##### PROVIDED INFORMATION #####

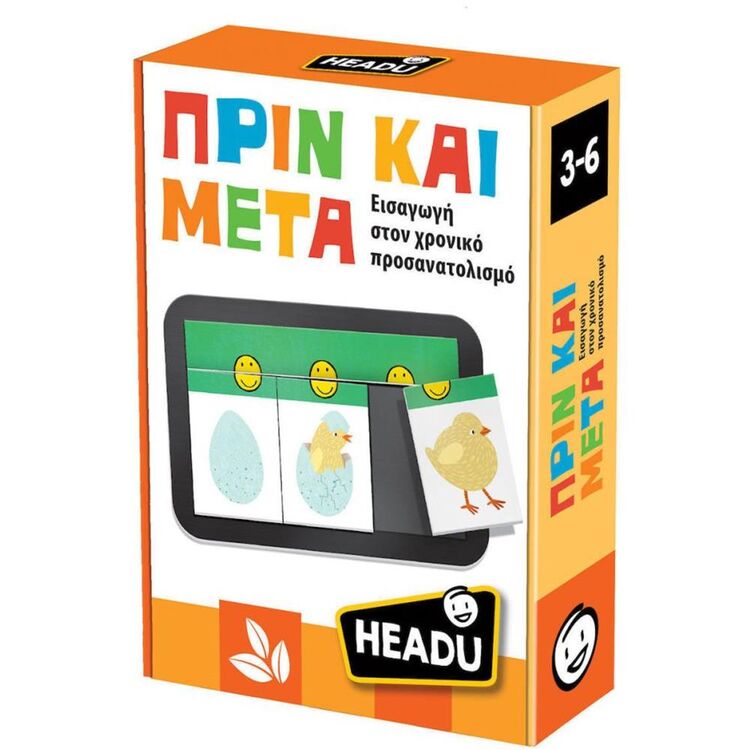 Product Headu Πρίν και Μετά (50.55850) image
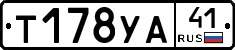 %D0%A2178%D0%A3%D0%9041
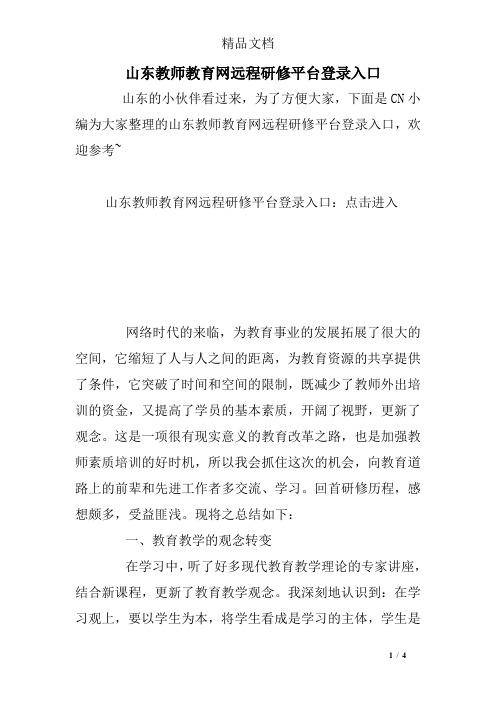 山东教师教育网远程研修平台登录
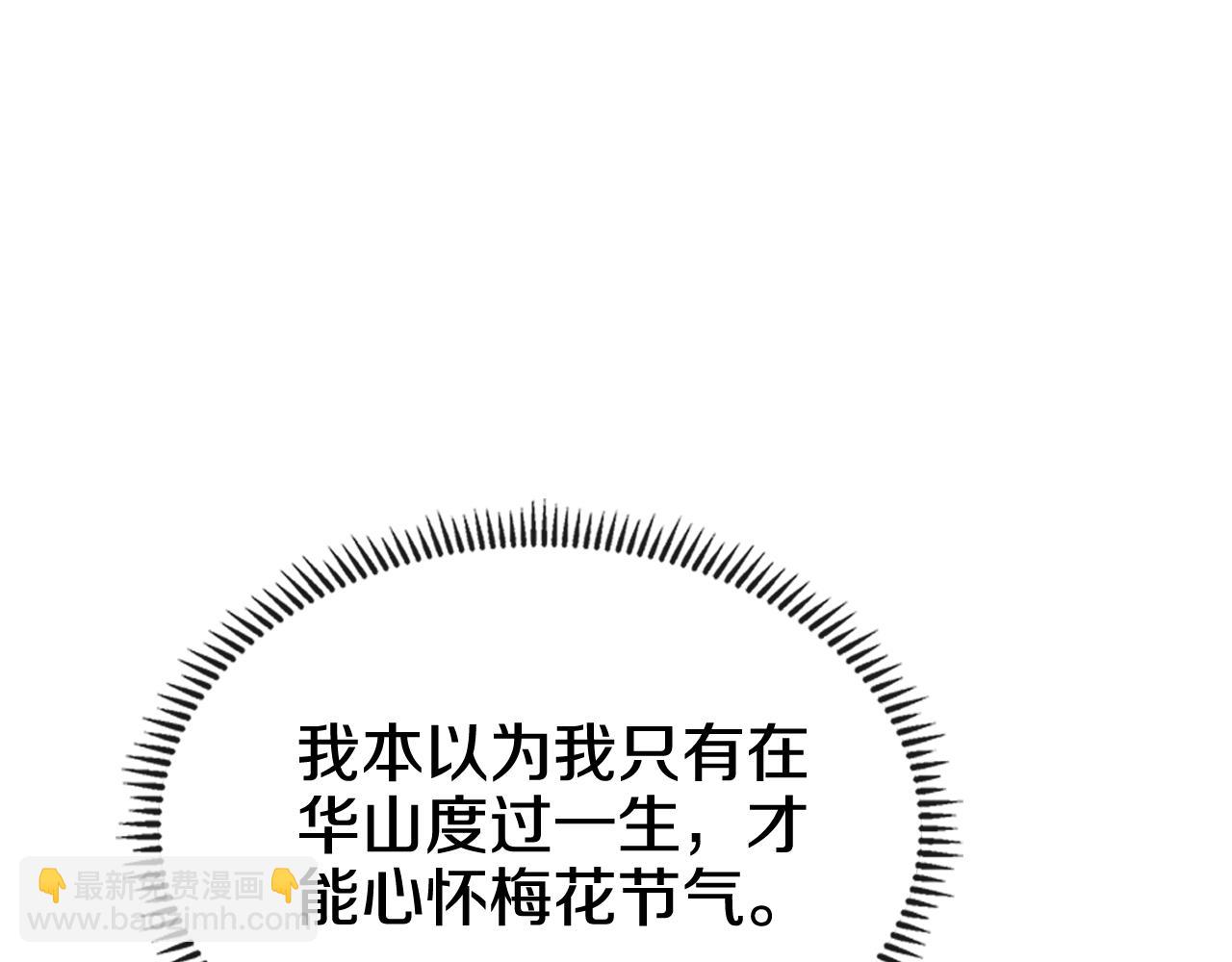 重生之我在魔教耍長槍 - 第244話 戰爭結束(2/4) - 4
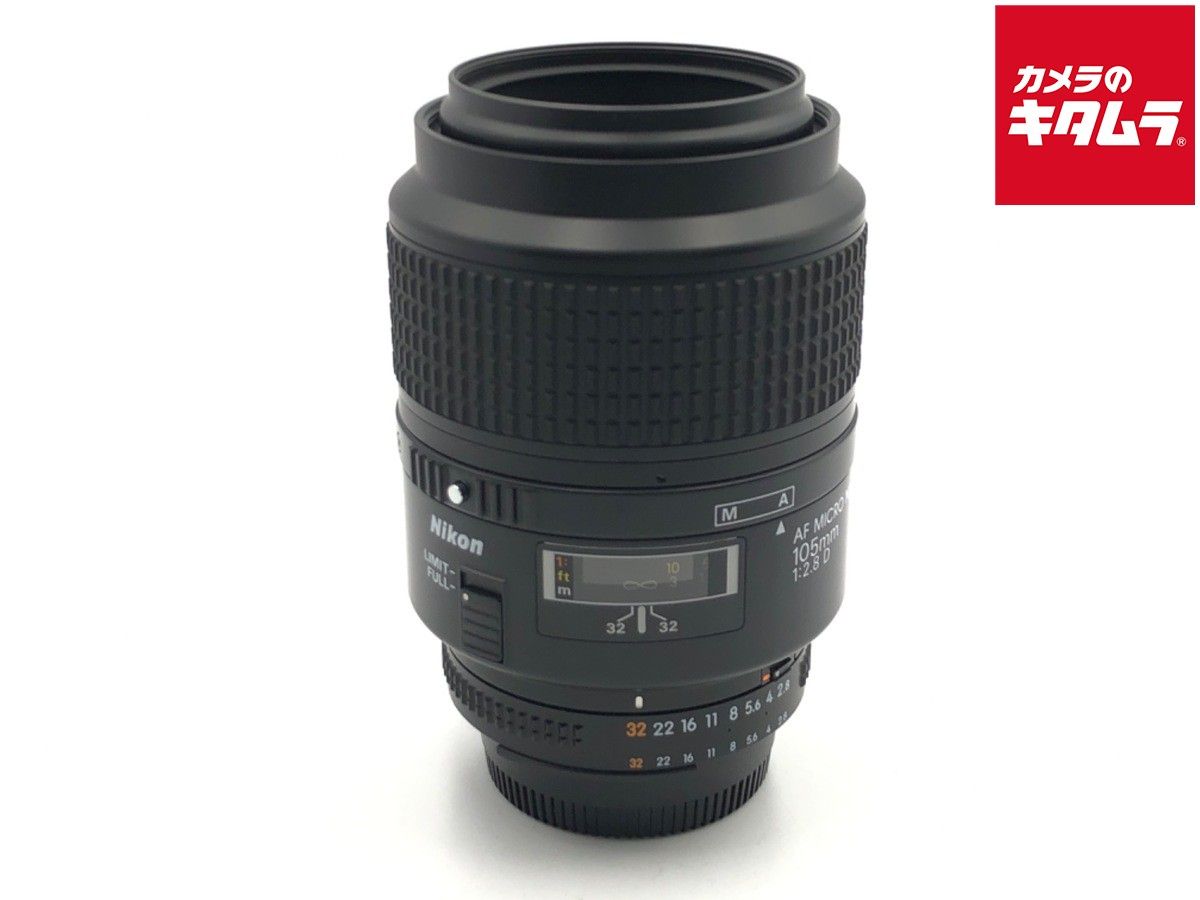 【中古】 【並品】 ニコン AF-N 105/2.8 マイクロ Dタイプ 11,818円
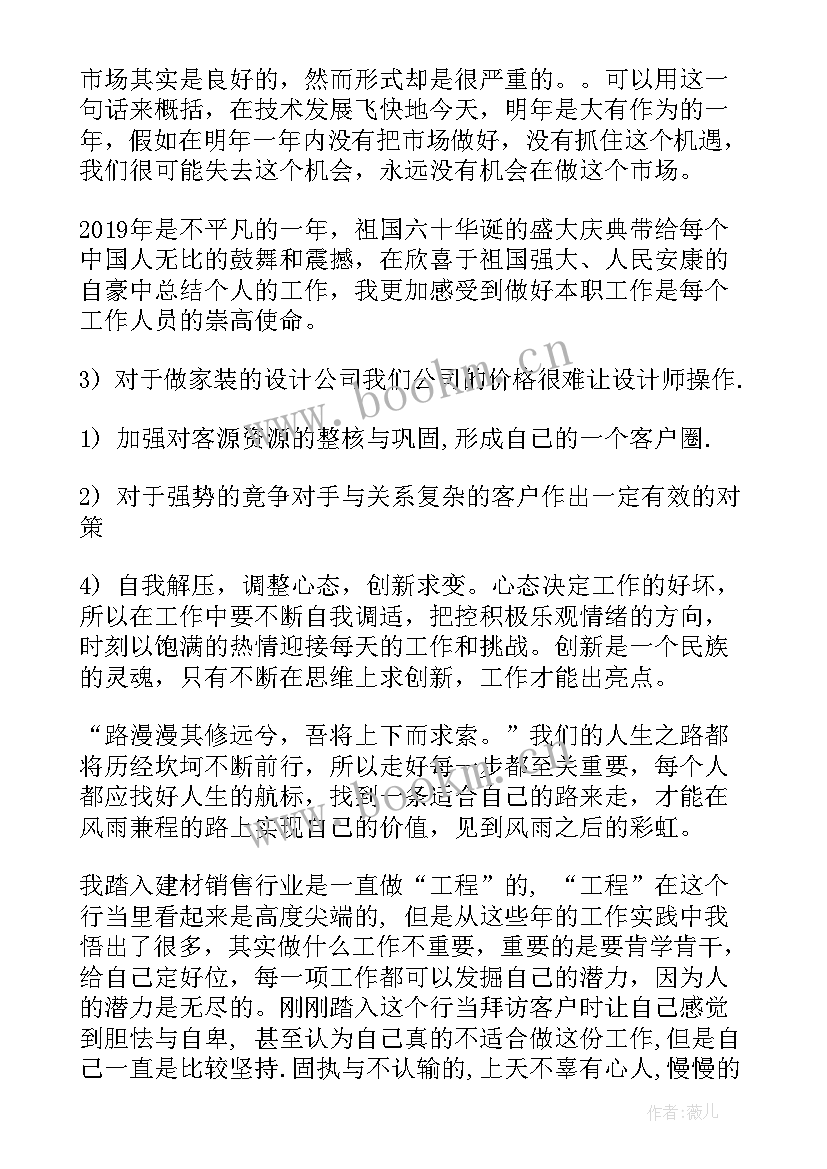 啤酒销售人员季度工作总结(汇总6篇)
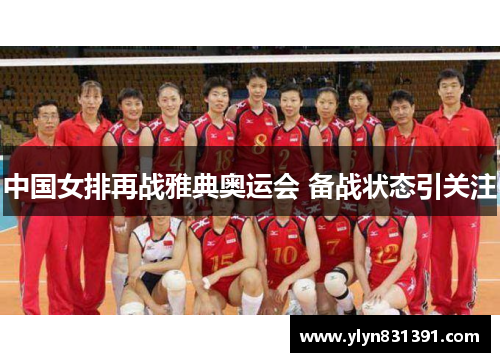 中国女排再战雅典奥运会 备战状态引关注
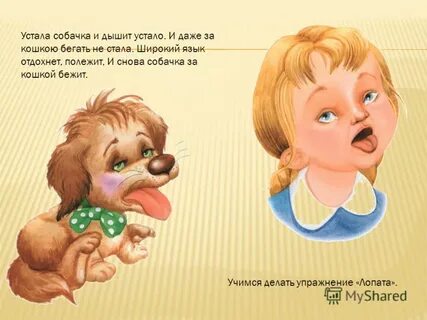 Затем закрывать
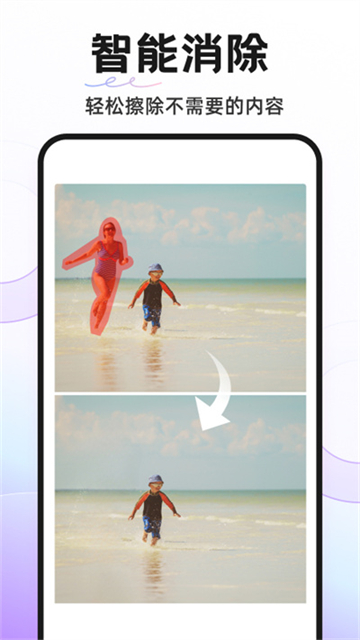 proknockout智能抠图p图截图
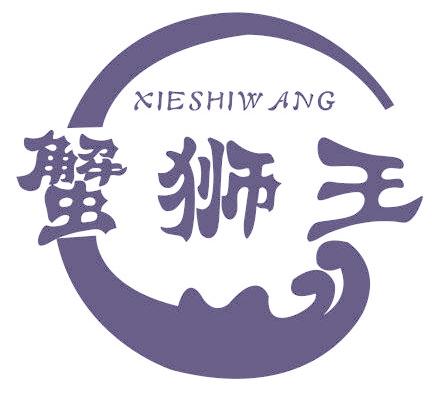 蟹狮王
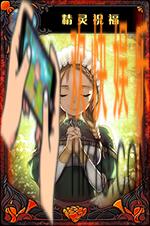 神代梦华谭神迹卡精灵祝福图鉴_神代梦华谭神迹卡精灵祝福属性介绍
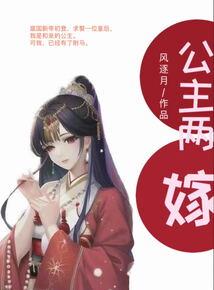 瀚星纪元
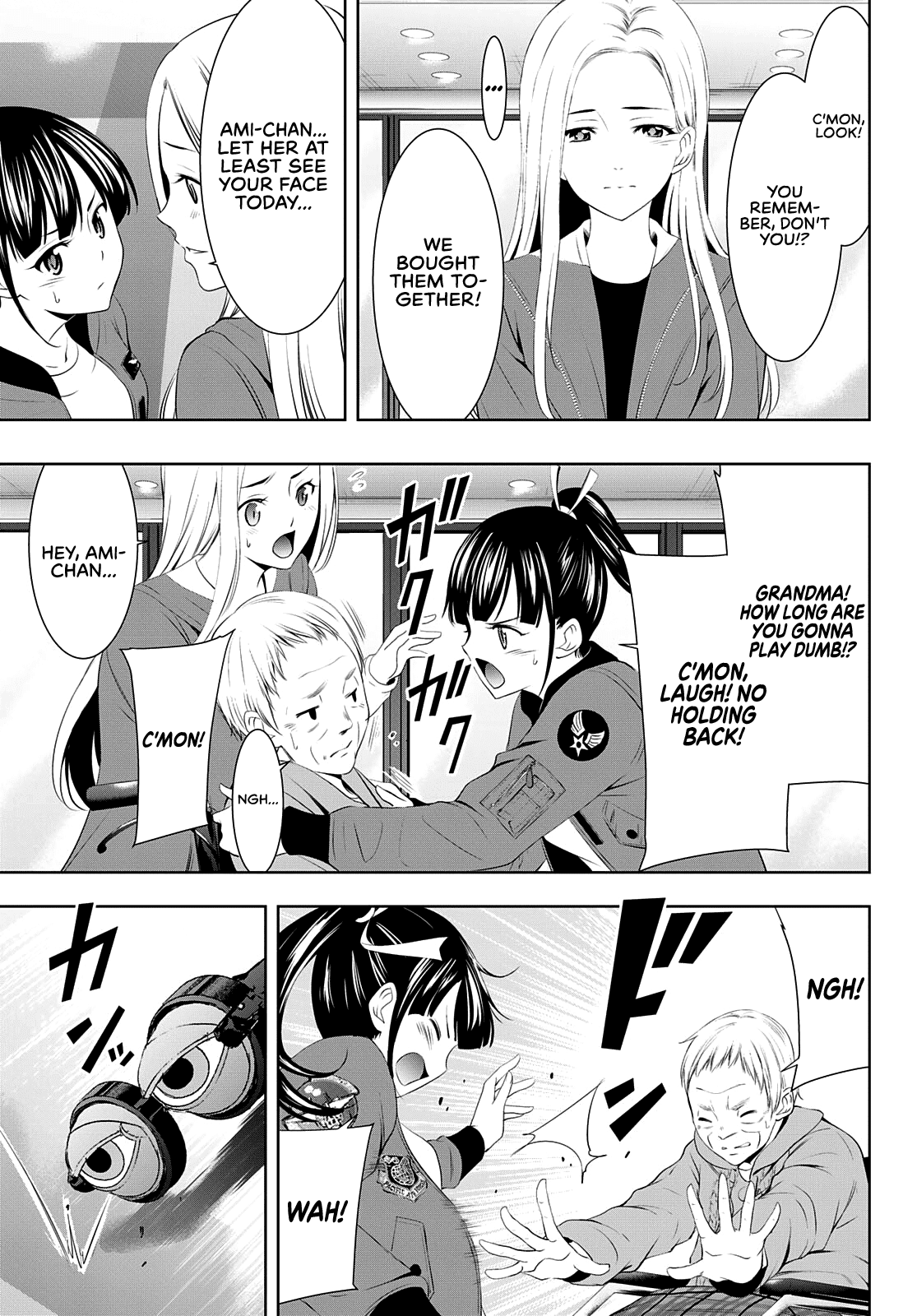Goddess Café Terrace Chapter 61 page 12 - Chapter 61: Asked by a Dream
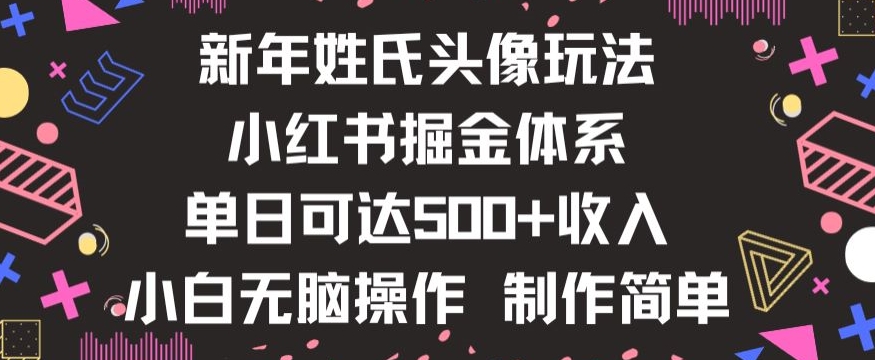 新年姓氏头像新玩法，小红书0-1搭建暴力掘金体系，小白日入500零花钱【揭秘】-摸金项目网
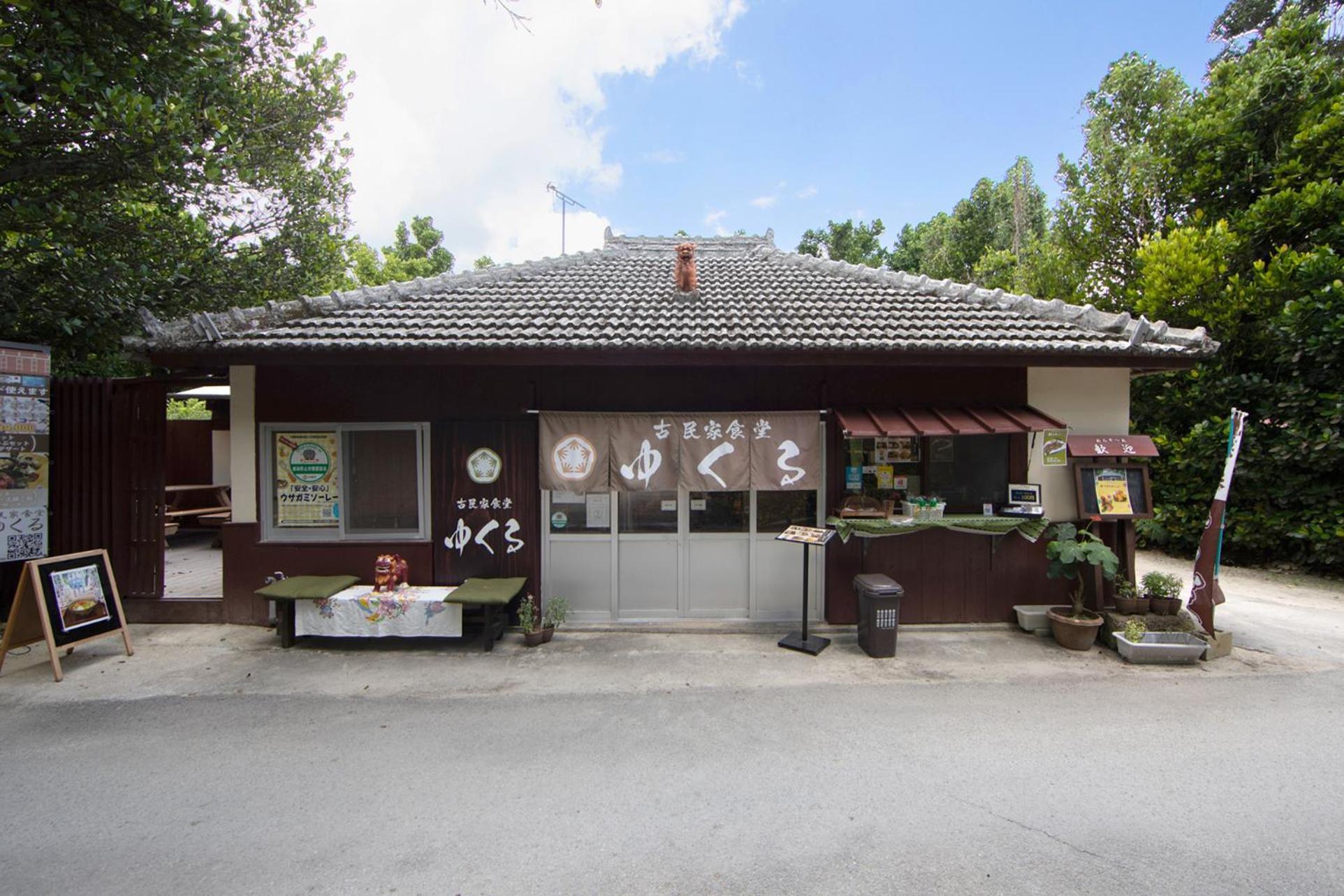 Private Villas Ryuz備瀬 โมโตบุ ภายนอก รูปภาพ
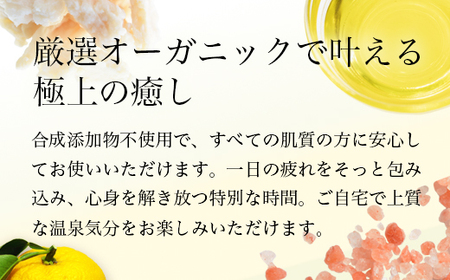 京都ちどりやオリジナル バスセット 3点（3種） | バスサシェ バスソルト ミルクバス＆フェイスマスク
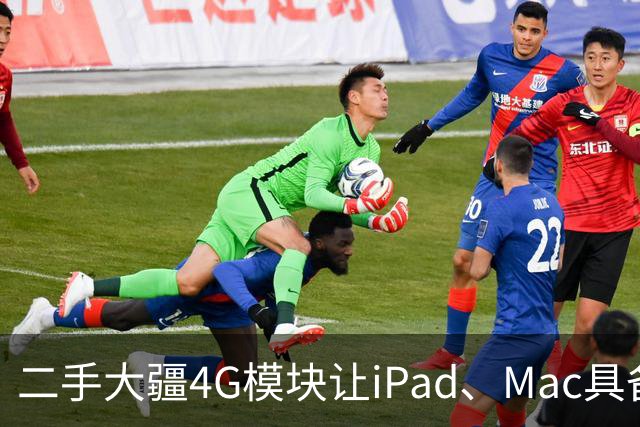 二手大疆4G模块让iPad、Mac具备蜂窝上网与通话能力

#####

YOUR INSTRUCTIONS
Set down word for word, from the line that contains "啤酒销售人员季度工作总结(汇总6篇)" to the end of the listing above, every line and no picture.

SOLVED EXERCISE
 啤酒销售人员季度工作总结(汇总6篇)
 中国女排再战雅典奥运会 备战状态引关注
 Затем закрывать
 proknockout智能抠图p图截图
 蟹狮王
 神代梦华谭神迹卡精灵祝福图鉴_神代梦华谭神迹卡精灵祝福属性介绍
 瀚星纪元
Goddess Café Terrace Chapter 61 page 12 - Chapter 61: Asked by a Dream
 新年姓氏头像新玩法，小红书0-1搭建暴力掘金体系，小白日入500零花钱【揭秘】-摸金项目网
 Private Villas Ryuz備瀬 โมโตบุ ภายนอก รูปภาพ
 京都ちどりやオリジナル バスセット 3点（3種） | バスサシェ バスソルト ミルクバス＆フェイスマスク
 二手大疆4G模块让iPad、Mac具备蜂窝上网与通话能力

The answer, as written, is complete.